New American Diabetes Association Grants Expand Diabetes Research

GAINESVILLE, FL – Researchers at the University of Florida have received nearly $1M from the American Diabetes Association, the nation’s largest and leading voluntary health organization leading the fight to Stop Diabetes®, to enable the launch of two new multi-year studies seeking to prevent the disease. Learn about these award announcements below.

Mechanisms of Type 1 Diabetes Remission Induced by Combination Therapy

Clayton Mathews, Ph.D.

Clayton Mathews, Ph.D., professor, department of pathology, immunology and laboratory medicine, was awarded a three-year pilot grant that will allow for new investigation of pharmacological interventions for treating Type 1 diabetes (T1D). The award builds on findings from a recent UF Health study which showed that combining two medical treatments to tamp down the immune system may help preserve insulin function in T1D patients. These promising results have led to a new national trial lead by Michael Haller, M.D. from the University of Florida.
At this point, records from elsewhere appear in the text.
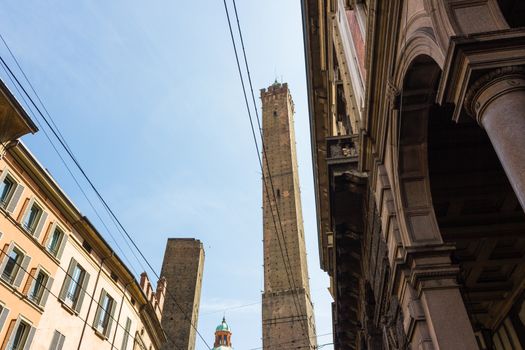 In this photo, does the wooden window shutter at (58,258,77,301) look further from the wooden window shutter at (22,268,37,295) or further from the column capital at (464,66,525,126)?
the column capital at (464,66,525,126)

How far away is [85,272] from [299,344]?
119ft

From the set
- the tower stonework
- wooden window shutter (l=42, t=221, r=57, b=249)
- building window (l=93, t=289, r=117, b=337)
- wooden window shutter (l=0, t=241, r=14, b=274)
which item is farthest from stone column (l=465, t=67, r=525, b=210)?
the tower stonework

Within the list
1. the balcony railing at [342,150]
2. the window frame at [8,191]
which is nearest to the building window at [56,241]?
the window frame at [8,191]

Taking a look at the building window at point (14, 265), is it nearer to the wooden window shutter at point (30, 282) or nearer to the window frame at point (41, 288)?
the wooden window shutter at point (30, 282)

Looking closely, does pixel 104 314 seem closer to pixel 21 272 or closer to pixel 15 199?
pixel 21 272

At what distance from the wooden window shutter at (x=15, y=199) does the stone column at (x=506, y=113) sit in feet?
50.3

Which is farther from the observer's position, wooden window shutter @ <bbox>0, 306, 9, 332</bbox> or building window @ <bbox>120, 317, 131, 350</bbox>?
building window @ <bbox>120, 317, 131, 350</bbox>

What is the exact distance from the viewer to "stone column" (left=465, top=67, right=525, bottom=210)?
136 inches

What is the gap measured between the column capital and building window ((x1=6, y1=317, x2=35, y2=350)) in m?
15.9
Members of the UF Diabetes Institute seek to learn more about tailoring drug treatments to improve health outcomes. The new study will utilize rapidly emerging science of immune diagnostics to identify new mechanistic entry points for drug discovery and their potential application in T1D to boost regeneration of insulin‐producing beta cells. “The reality for many T1D patients today is that diabetes-linked complications will arise,” according to Matthews. “Further investigation of novel therapeutic agents that may work to restore cell function may reduce these prospects for these patients in the future,” he said.
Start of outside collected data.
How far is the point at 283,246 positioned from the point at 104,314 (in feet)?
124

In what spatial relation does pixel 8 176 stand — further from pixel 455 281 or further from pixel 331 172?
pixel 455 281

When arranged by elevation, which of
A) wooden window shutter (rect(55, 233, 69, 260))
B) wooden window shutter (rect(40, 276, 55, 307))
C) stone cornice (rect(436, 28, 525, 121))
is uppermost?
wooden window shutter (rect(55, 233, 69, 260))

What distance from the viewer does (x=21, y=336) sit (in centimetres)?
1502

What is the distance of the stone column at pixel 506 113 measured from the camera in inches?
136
Oral Delivery of Bioencapsulated ACE2 and Ang1-7 for Therapy of Diabetic Retinopathy

eye-450x305Researchers in the laboratory of Qiuhong Li, Ph.D., associate professor in the department of ophthalmology, will begin a three-year pilot study focusing on the discovery of new treatments for patients with diabetic retinopathy – the leading cause of blindness among U.S. adults. At present, the condition affects more than seven million Americans and by 2050, this number is projected to triple.

Dr. Li’s team seeks to develop a prototype capsule that can protect retinal tissues from damage in the early stages of the disease. This award is one of only a few ADA-funded research projects working to reduce the burden of diabetic eye disease. “We are looking very much forward to elucidating novel targeted therapies in diabetic retinopahty, urgently needed to slowing or halting the progression of this devastating disease,” says Dr. Li.

About the UF Diabetes Institute
The UF Diabetes Institute serves as the umbrella organization under which diabetes education, research, prevention and treatment are coordinated at UF and the academic UF Health Science Center. The Institute is committed to advancing patient care and ultimately finding a cure through innovative treatment, education and pioneering research. The UF Diabetes Institute unites more than 100 faculty members in the areas of endocrinology, education, epidemiology, patient and physician education, clinical care, health outcomes and policy, behavioral science, rural medicine, and more.